COLLECTED DATA -

..............................

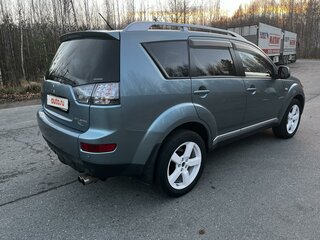 2007 Mitsubishi Outlander II, зелёный, 1500000 рублей, вид 2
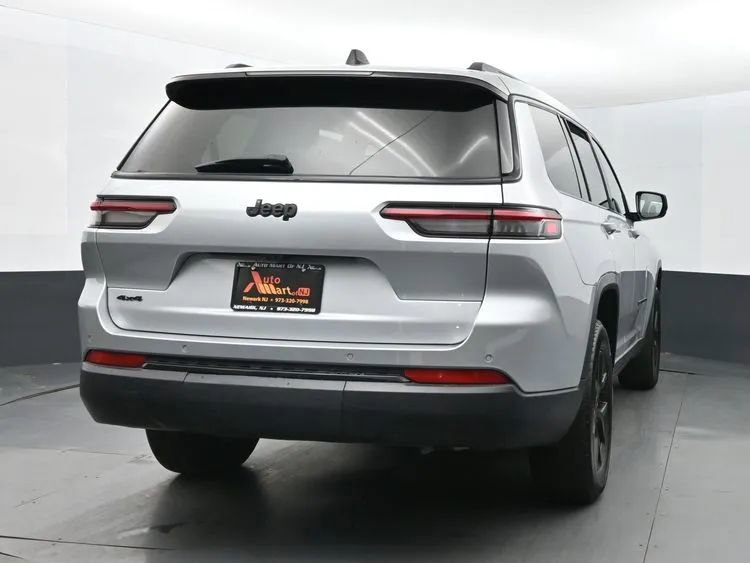 Used 2024 Jeep Grand Cherokee L Laredo image 8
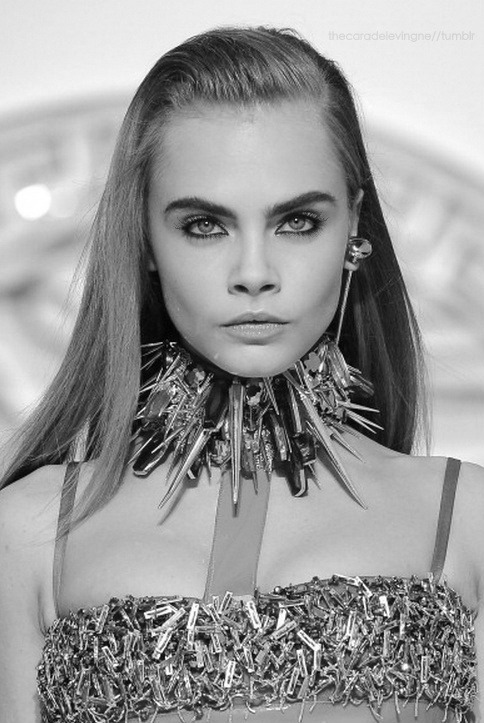 black-white-and-bold:  Cara Delevingne for Versace 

..............................

Copy the whole of the material above exactly, but not its images.

 2007 Mitsubishi Outlander II, зелёный, 1500000 рублей, вид 2
 Used 2024 Jeep Grand Cherokee L Laredo image 8
 black-white-and-bold:  Cara Delevingne for Versace 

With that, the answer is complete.